Сотрясали. И утопий хватало. И качества Творца приписывались человеку в избытке. Только бунты–то, обратите внимание, занимались не переустройством, а перераспределением: у этого отнять, тому — дать; этого — в застенок, того — на престол. Вся суета происходила всего–навсего вокруг смены актеров, при постоянном составе ролей и той же драматургии. Для бунтовщиков не подлежали сомнению авторитет Творца и незыблемость раз и навсегда заведенного Им порядка. Как правило, и сами бунты имели своей причиной недопустимое, с точки зрения бунтовщиков, искажение священного богопорядка злоумышленными правителями. Таким образом, целью смуты было не разрушение основ, но, напротив, их утверждение, разве что в более чистом, правильном виде.

Конечно, интеллектуальная смелость мыслителей Возрождения «заводила» их в места намного более отдаленные; но, во–первых, до поры до времени они не встречали никакого понимания в массах, а, во–вторых, идеи их характеризовалась известной половинчатостью, так что говорить о низвержении основ здесь также не приходится. Достаточно бегло просмотреть славные утопии Томаса Мора и Томмазо Кампанеллы, чтобы в этом убедиться. При декларируемом всеобщем равенстве, жители обеих утопий живут в жестко регламентированном обществе, с нерушимой иерархией, пожизненным правителем и даже узаконенным рабством. При этом регламентация доходит до принудительного подбора сексуальных партнеров, четкой селекции в соответствии с физическими параметрами, обязательной формы одежды и регулярного обмена жильем. В общем, трудно придумать утопию чернее «Утопии» Мора и «Города Солнца» Кампанеллы. Думаю, что современные гуманисты без колебаний отправили бы сэра Томаса Мора на плаху за преступление против человечности, выразившееся в написании злосчастной книги. Что, впрочем, и сделал король Генрих VIII, хотя и не обязательно из тех же соображений...
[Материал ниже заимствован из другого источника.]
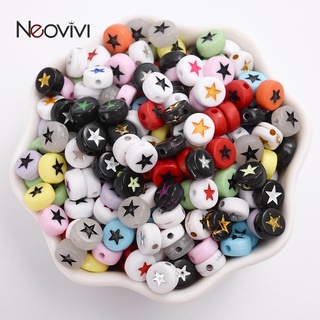 100pcs 7mm Colorful Star ลูกปัดอะครีลิคหลวม Spacer ลูกปัดสำหรับเครื่องประดับทำสร้อยข้อมือ DIY สร้อยคอของขวัญวันเกิด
Как ни крути, но Великая Французская Революция стала первой попыткой переделки основ на базе идеологии, призванной привести человечество к новому счастливому обществу, в соответствии с замечательными принципами: Свобода, Равенство, Братство. Заметьте, кстати, глобальный характер претензий: новые Создатели не собирались размениваться на какой–то остров, как Мор или город, как Кампанелла; им и Франции–то было мало — гулять, так гулять!.. подавай в мировом масштабе! Глобальность любой идеологии — это был один из первых многозначительных уроков, преподанных миру французскими санкюлотами.